The People's Republic of China is the only country to use quotas on
child bearing decisions. In 1970, the government issued three
reproductive norms: late marriage, longer spacing between births and
fewer children. Men were encouraged to marry no earlier than 28 yrs
old (25 yrs in rural areas) and women no earlier than 25 yrs old (23
yrs in rural areas). After the first child, couples were encouraged
to allow four years between any subsequent births. The fewer children
norm suggested two children for urban families and three for rural
ones. In 1979, authorities limited households to only one child.
This study uses economic theory and econometrics to assess the main
sources of fertility fluctuations in China. It focuses on the
relationship between government enforcement of population control
policies and fertility outcomes. It allows the fertility rate to be
affected by: 1)household preferences, including alterations in taste
as well as in education, health care and the changing role of women,
and 2) production technology, which mostly captures changes in
agricultural output or income.
Since one cannot directly measure the Chinese government's ability to
enforce its birth-planning guidelines, the growth rate of the ratio
of government administration expenditures to total government
expenditures is used. The former includes spending on the armed
police, public security, prosecutorial agencies, and the justice
system. The latter includes all government expenditures. Fertility is
measured by the total fertility rate and aggregate output by total
grain production. All data are observed annually and the estimation
period covers the years 1952 to 1987.
Scotese and Wang use a neoclassical model to motivate their empirical
work. The usefulness of the model depends on its ability to
approximate family decision making under government constraints. The
family decisions refer to consumption and fertility decisions, while
the constraints refer to quotas and national birth planning
guidelines. A representative household will determine the number of
children to bear. Raising children is costly in three respects: 1)
given the output level, an increase in family size lowers per capita
capital and output; 2) increasing time costs must be paid out of
leisure time; and 3) it is costly to violate national birth-planning
guidelines.
Fines are levied according to how many children beyond the national
guideline a couple bears. The payments are often taken out of both
parents' incomes and continue until the child is fourteen to sixteen
years of age. Rural families who violate the guidelines may also
receive the least productive agricultural lots and be limited in
their access to "private" markets where excess products can be sold
at a favorable price.

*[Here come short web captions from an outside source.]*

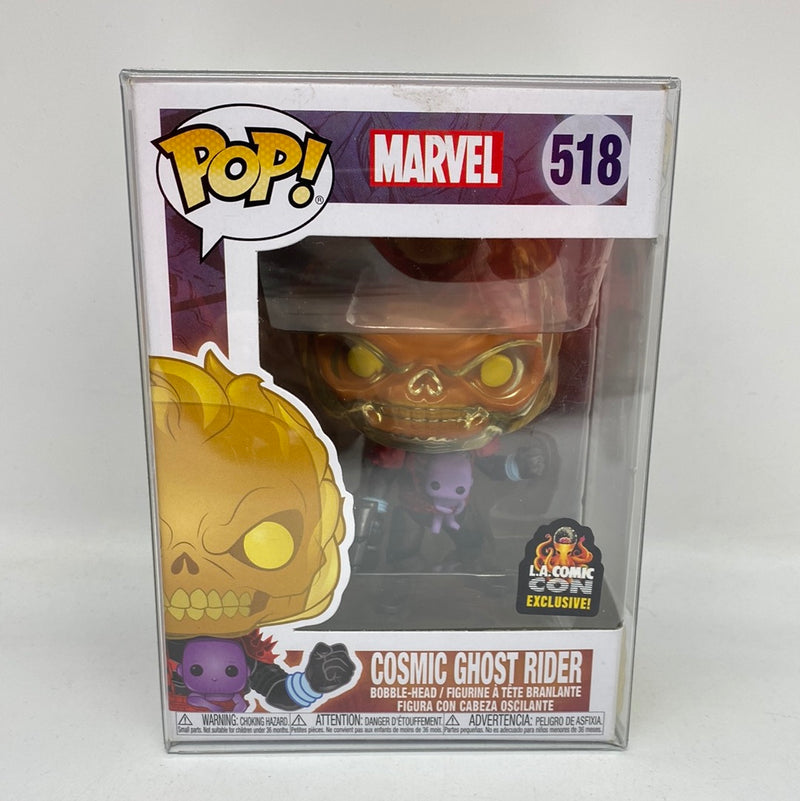 Funko Pop! Marvel: Cosmic Ghost Rider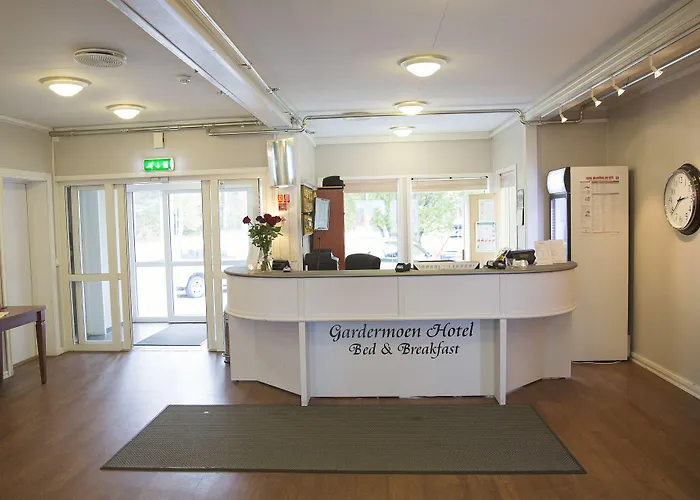 Gardermoen Hotel Bed & Breakfast Hotel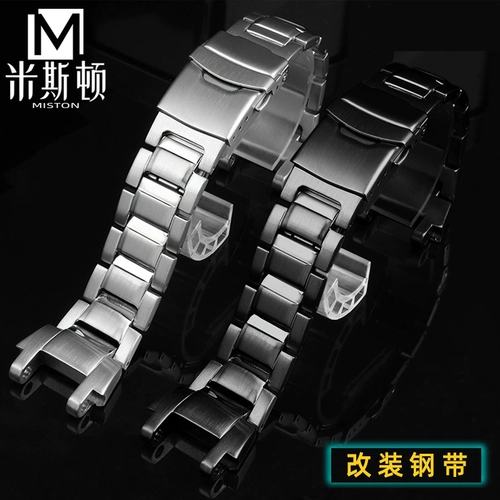 Casio, ремешок для часов, аксессуар, лента, стальной ремешок, спортивные часы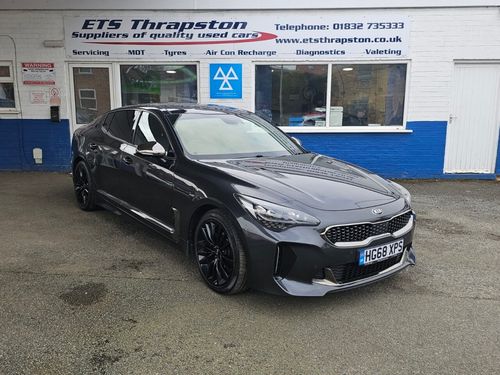 Kia Stinger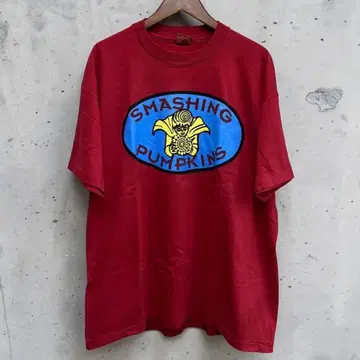 90s USA제 데드스탁 Smashing Pumpkins T셔츠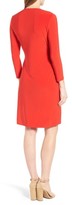 Thumbnail for your product : Anne Klein Women's Stretch Jersey Faux Wrap Dress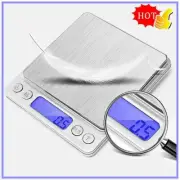NEW 3000g/0.1g Small Digital Kitchen Food Diet Electronic Weight Scale + Manual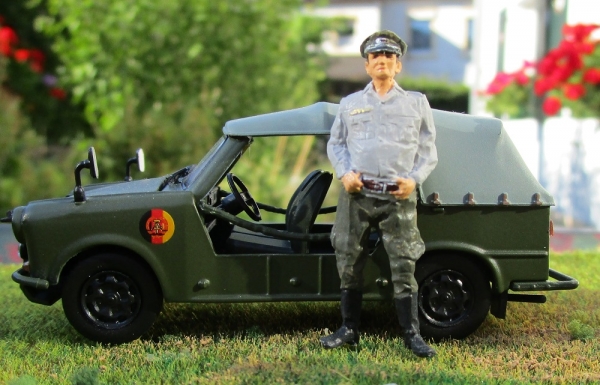 NVA Sergeant -0-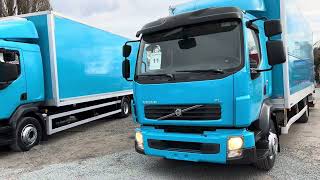 prodaja Volvo FL 240 EEV 16 Tonner Ad-Blue Isoliert 47m³ kamiona furgona slika 4 Volvo FL 240 EEV 16 Tonner Ad-Blue Isoliert 47m³ kamion furgon slika 4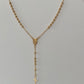 GOLD DAINTY ROSARY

In this model, the typical rural household is
assumed to choose consumption, leisure, fertility, and capital
accumulation to maximize lifetime utility.

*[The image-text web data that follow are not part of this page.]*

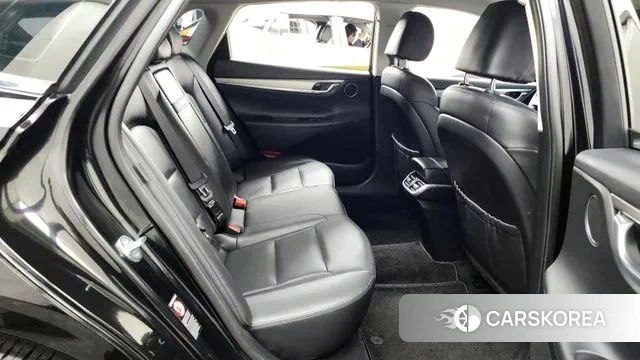 Hyundai The New Grandeur IG 2022 Черный из Кореи, фото 3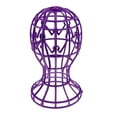 thumbnail image 2 of er Portable Hairpiece Display Travel Hanger Stand Stable, 2 of 8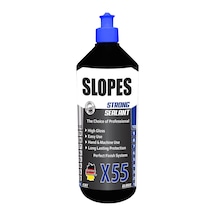 Slopes X55 Seramik İçerikli Boya Koruma Cila 1lt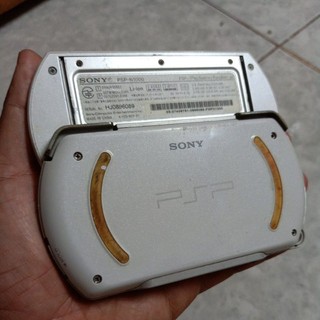 May game Sony Psp Go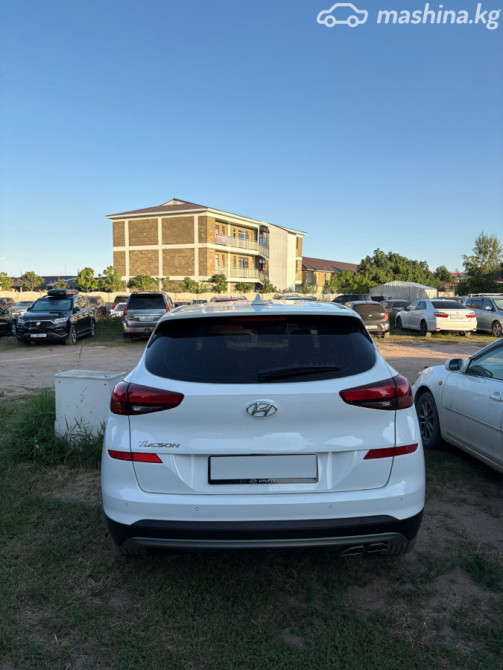 Hyundai Tucson III Рестайлинг 1.6, 2020 Бишкек - сүрөт 3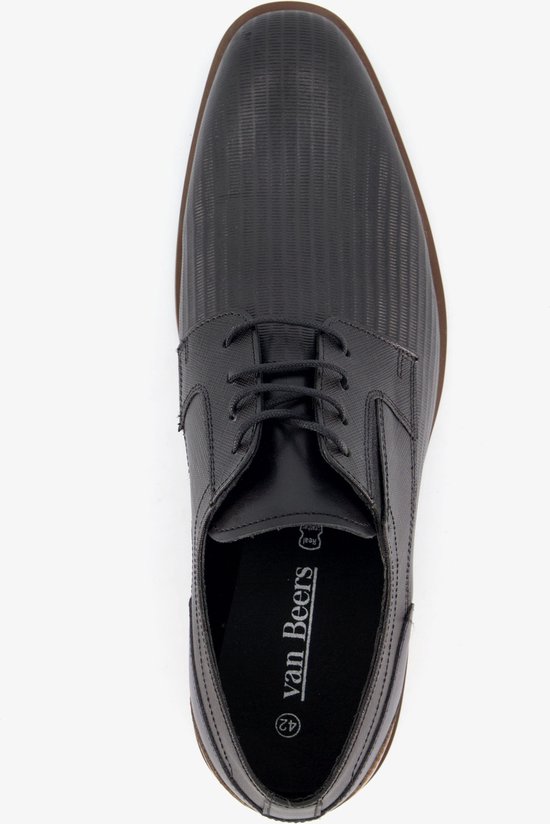 Veterschoenen - Heren - Klassiek Brits Ontwerp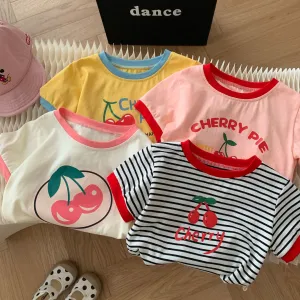 Cherry Lovers Summer Tee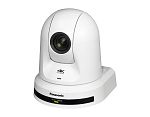 PTZ-камера Panasonic [AW-UE30WEJ] 4K PTZ камера, 1/2.5" MOS сенсор, 2160/30p, зум 20x, угол обзора 74.1°, HDMI, USB-C, SRT, встроенный автотрекинг, Po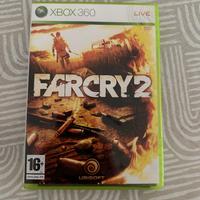 Far Cry 2 ITA XBOX 360 COMPLETO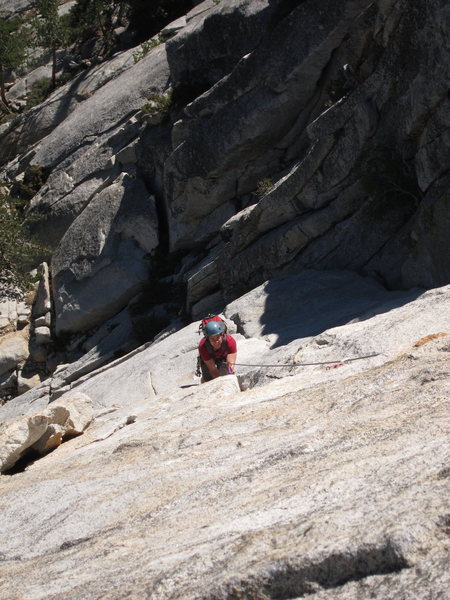Tim Kearns, on the great second pitch of El Whampo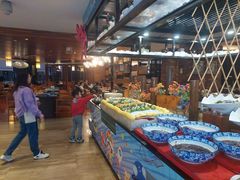 -OPEN開全日自助餐厅·西餐·海鲜(佛山希尔顿酒店)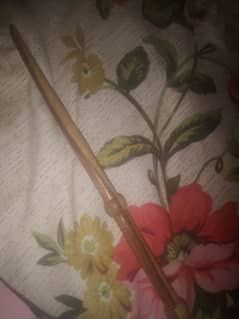 kids Harry Potter playing wand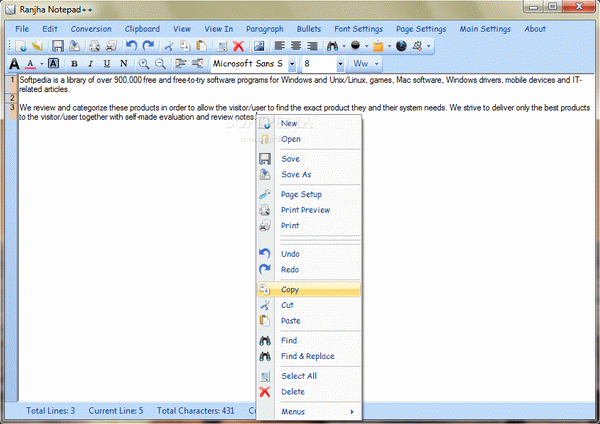 Ranjha Notepad++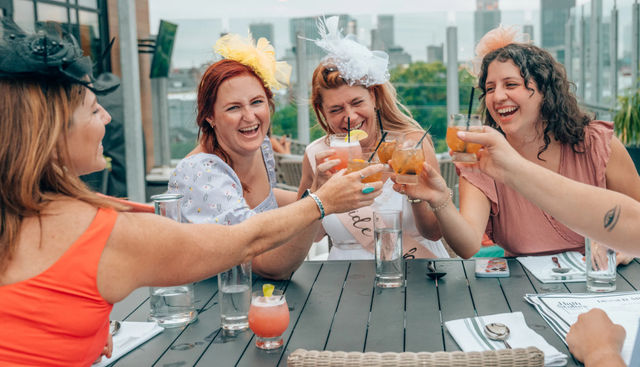 Beyond the Barrel: Walking Bourbon Tour with Food Pairings image 4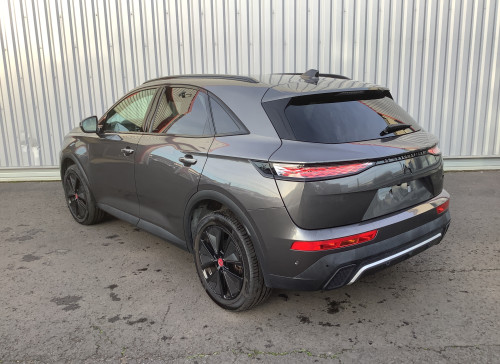 DS DS 7 Nouveau BlueHDi 130 EAT8 Performance Line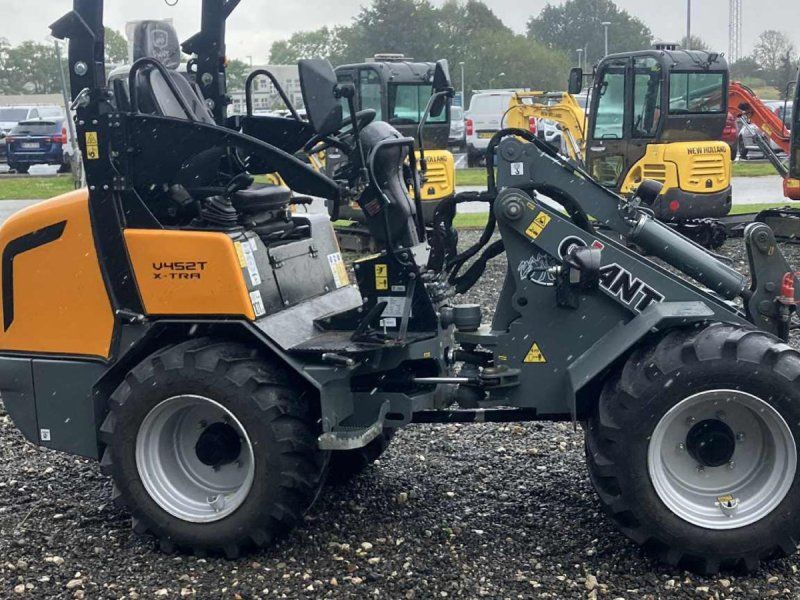 Giant V 452 T X-TRA HD V 452 T X-TRA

Periods of increasing enforcement in China occurred during 1958-61,
1967-67, 1970-76, and 1978-83. During these periods, the two programs
mentioned earlier were initiated. The earlier campaign promoted the
concept of marrying and having children later, waiting longer between
births, and bearing fewer children. The other program, beginning in
1979, sought to limit fertility to one child per couple. Results show
that the program was initially successful; however, as enforcement
ability decreased, fertility growth failed to decline further in
response to this government effort.
The study identifies a shock to government enforcement power, a
technological shock to aggregate (agricultural) output, and a
fertility preference shock. A shock is characterized by any
unexpected changes occuring. Fertility preferences will change as a
result of the development process for a number of reasons. A decrease
in infant mortality may lead households to have fewer births for any
given number of desired offspring. As opportunities for women in the
workforce increase, the opportunity costs of bearing children rises.

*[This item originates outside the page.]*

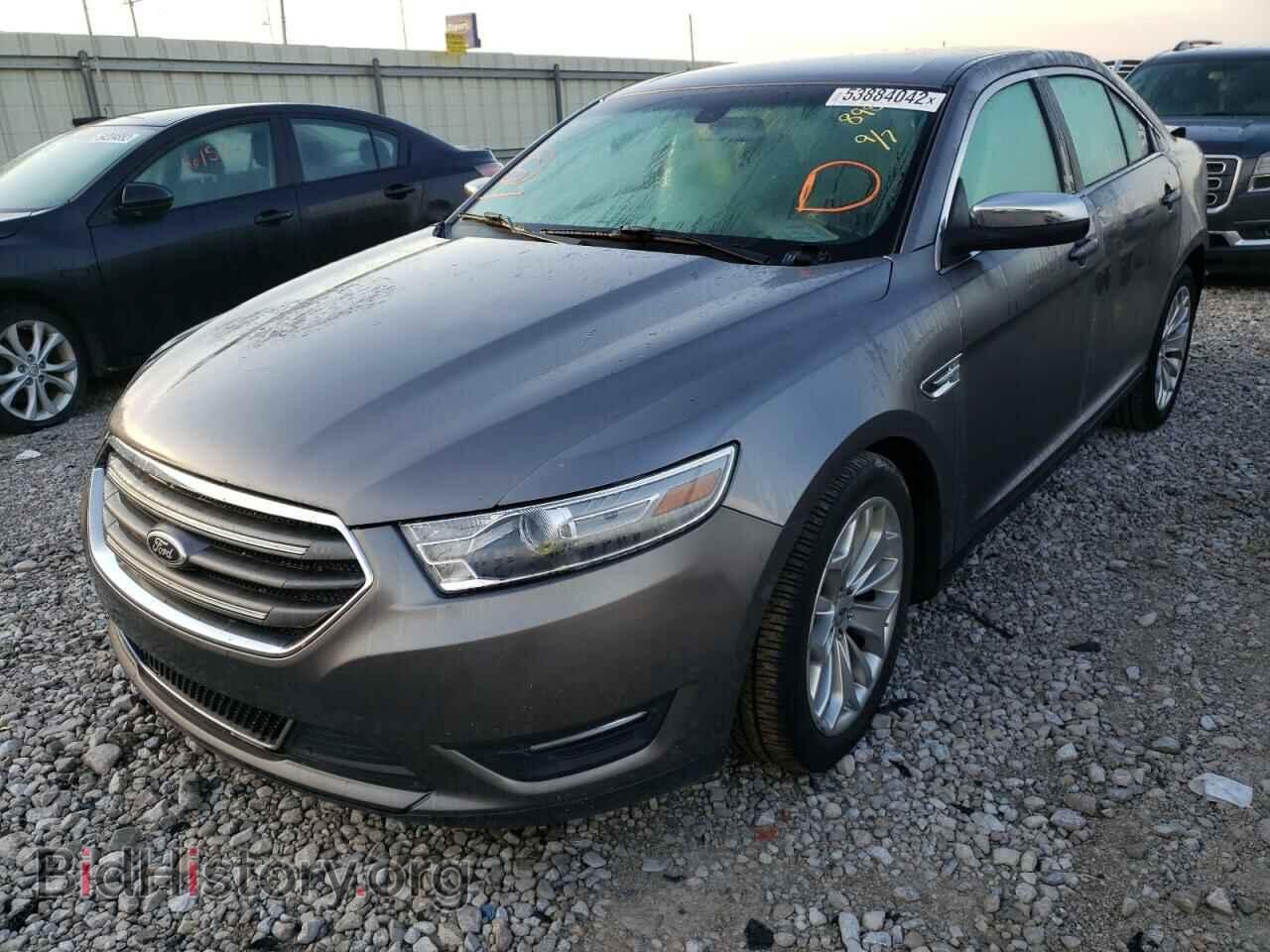 2013 FORD TAURUS - VIN: 1FAHP2F82DG168989 - Photo 2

Also, an increase in education may lower the number of desired
children due to higher valued alternative uses of time. Finally, as
health systems develop, people become better informed on the use of
contraception and it becomes more widely available at a lower
cost.
Government power shocks (significant unexpected changes in government
leadership) had significant negative impacts on fertility growth
during 1956, 1959-61, 1967-68, 1971-72, and 1979-80, and significant
positive impacts during 1962 and 1969. The periods of negative
fertility growth correspond to the initiation of campaigns to promote
birth planning and times of unusual political control (The Great Leap
Forward 1959-62 and the Cultural Revolution 1967-68). The positive
fertility growth numbers reflect the return to political stability
after the political campaigns and before the birth-planning campaigns
were strongly reactivated.
Output shocks (regarding agricultural production) had significant
negative impacts on fertility growth during 1958-60 and 1969 and
significant positive impacts during 1962-63 and 1978-79. Declines in
fertility during the two periods corresponded to an agricultural
crisis and an output decline due to the Cultural Revolution. The
positive impact of output on fertility growth in the early 1960's was
a result of a revival in agricultural production and success, while
the effect in the late 1970's reflects the influence of economic
reform.
Preference shocks (changes in individual fertility preferences) had
significant negative impacts during 1973-78 and 1982-83 and
significant positive impacts during 1963, 1968, 1980 and 1986-87. One
explanation for this is that the fertility decline of the 1970's
began with a governmental thrust in 1971 and 1972, but preferences
became more important in subsequent years. The peaks correspond to
the institution and repeal of the late marriage law and the
introduction of the responsibility system to agricultural production.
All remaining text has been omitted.